I have had PMR for just over 2 years and my CRP and ESR levels are still high even after being on prednisone at varying doses all this time. Been to see a Rheumy consultant this week who wants to put me on Methotrexate . What experiences have people had over Methotrexate. Good or bad?
PMR and Methotrexate : I have had PMR for just over... - PMRGCAuk
PMR and Methotrexate
If you look at the list of Related Posts you will find a lot of previous discussion.
You say the ESR and CRP are raised despite pred - what about the symptoms? Did they improve at least 70% with the starting dose? And what is your current dose of pred? Some people just have high ESR and CRP levels but there is also the question whether this is really "just" PMR.
There are also some articles in the FAQs:
Meths either by mouth or by injection- neither worked for me. I still needed the same dosage of Prednisolone to feel well. Having to go in for endless blood tests was a nuisance. I seem to remember that alcohol has to be reduced/ avoided which could be a sacrifice worth making if it had worked. Good luck and hoping it work for you.

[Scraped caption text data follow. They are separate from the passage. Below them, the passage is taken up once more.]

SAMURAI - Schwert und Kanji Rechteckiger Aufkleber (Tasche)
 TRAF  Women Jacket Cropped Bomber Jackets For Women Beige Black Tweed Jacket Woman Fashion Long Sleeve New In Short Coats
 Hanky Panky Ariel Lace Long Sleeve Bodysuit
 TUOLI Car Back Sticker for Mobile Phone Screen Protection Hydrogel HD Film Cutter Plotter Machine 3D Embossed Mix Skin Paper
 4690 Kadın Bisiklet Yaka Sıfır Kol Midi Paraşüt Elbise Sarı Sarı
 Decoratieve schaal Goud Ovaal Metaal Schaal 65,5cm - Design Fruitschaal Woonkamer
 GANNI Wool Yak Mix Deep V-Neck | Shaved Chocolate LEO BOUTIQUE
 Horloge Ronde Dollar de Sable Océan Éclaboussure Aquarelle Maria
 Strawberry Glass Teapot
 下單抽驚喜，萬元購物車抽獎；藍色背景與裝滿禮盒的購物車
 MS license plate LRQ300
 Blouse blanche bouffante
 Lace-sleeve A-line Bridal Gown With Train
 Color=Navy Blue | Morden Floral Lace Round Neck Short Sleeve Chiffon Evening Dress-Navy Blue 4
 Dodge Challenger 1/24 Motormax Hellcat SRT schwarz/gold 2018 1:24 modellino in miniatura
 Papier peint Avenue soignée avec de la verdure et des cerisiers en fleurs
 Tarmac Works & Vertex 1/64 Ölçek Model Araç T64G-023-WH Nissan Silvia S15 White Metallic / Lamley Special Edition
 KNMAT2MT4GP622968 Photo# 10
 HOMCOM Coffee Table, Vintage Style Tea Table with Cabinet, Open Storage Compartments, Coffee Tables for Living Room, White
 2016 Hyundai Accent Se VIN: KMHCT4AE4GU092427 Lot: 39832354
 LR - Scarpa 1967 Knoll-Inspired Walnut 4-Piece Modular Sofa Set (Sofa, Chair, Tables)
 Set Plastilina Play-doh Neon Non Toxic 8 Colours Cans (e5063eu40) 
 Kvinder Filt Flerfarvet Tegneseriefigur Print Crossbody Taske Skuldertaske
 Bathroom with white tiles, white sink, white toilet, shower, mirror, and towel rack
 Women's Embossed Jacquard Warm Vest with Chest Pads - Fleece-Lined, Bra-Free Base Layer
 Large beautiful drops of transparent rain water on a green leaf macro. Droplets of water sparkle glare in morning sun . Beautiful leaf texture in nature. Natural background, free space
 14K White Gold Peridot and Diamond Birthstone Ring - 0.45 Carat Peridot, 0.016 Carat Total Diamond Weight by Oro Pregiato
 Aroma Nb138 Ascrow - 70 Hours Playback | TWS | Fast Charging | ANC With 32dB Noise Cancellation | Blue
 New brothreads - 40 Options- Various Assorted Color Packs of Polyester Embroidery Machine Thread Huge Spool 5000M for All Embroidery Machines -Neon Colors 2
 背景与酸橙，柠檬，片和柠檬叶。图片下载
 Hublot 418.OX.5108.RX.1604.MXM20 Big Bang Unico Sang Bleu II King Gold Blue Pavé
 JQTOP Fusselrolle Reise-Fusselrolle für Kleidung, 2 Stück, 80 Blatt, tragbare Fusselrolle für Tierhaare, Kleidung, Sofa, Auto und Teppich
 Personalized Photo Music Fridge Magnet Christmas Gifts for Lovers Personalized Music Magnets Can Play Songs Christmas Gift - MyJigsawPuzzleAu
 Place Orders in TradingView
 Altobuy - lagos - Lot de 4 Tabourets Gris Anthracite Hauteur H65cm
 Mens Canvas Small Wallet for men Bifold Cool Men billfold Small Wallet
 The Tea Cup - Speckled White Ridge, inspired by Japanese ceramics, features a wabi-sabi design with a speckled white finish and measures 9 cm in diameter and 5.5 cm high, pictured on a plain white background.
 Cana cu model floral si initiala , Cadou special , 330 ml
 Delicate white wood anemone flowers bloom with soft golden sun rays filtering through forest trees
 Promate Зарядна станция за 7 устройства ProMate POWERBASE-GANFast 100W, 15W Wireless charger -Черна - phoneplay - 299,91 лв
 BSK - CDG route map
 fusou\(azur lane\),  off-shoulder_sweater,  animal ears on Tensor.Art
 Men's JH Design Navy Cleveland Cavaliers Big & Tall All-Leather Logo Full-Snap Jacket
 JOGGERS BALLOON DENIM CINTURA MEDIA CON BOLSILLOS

I started on methotrexate in December 2017 after I couldn't get below 25 mg pred per day without a flare of symptoms. The dosage was 10 mg per week for the first 2 or 3 months, which was then increased to 15 mg as I evidently tolerated it well. I've been taking it ever since.
The only noticeable bad effect is that it knocked me out for the day if I took it in the morning. I was too exhausted to do anything and spent the day lying on the sofa. If I take it at night, I'm fine. I set my alarm for 10.30 p.m. on Friday so that I remember to take it. I also had a problem when my rheumy increased my dose to 17.5 mg after she didn't like my blood test results - again I was knocked out with fatigue even when I took it at night. My GP advised me to stick to 15 mg and I've had no problem (and no more scary blood tests) since then.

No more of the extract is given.